We then explored the program Tinkerplots. This wasn't something I had heard of before and I found it incredibly versatile and useful. I love analyzing data, but have found more than a few times that I might waste a lot of time graphing two data sets to find no correlation whatsoever. Tinkerplots lets you include a wide array of parameters for each element of a set, and you can easily manipulate and compare each. This would be very useful in the classroom because students are often asked to make meaningless graphs, and it generally wastes a lot of time. Tinkerplots comes loaded with some data and therefore students can immediately explore the different relationships and ways of displaying them without having to find a ruler for every student.

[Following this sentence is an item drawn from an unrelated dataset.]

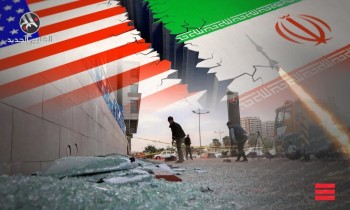 حياد أميركا الملغوم بأزمة العراق: "مقايضة" لتمرير الاتفاق النووي؟!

For one activity we used Geometer's Sketchpad, a program I had used many, many years ago in school. I was surprised that it seemed not to have changed in all these years, and the functionality was still very limited. While you can make lines and polygons and circles fairly easily, I could not find a way to adjust side lengths or angles to a certain value, and instead had to drag points around endlessly and still ended up with slightly lopsided quadrilaterals. While exploring the capabilities of the program, I right-clicked (looking for a way to make the previously mentioned adjustments) and found the animate button. It was all down-hill from there as colourful polygons danced around my screen... I found Geometer's Sketchpad to be a pretty fruitless activity, and unless I missed some very significant features, I am not sure how I might use it in the classroom effectively.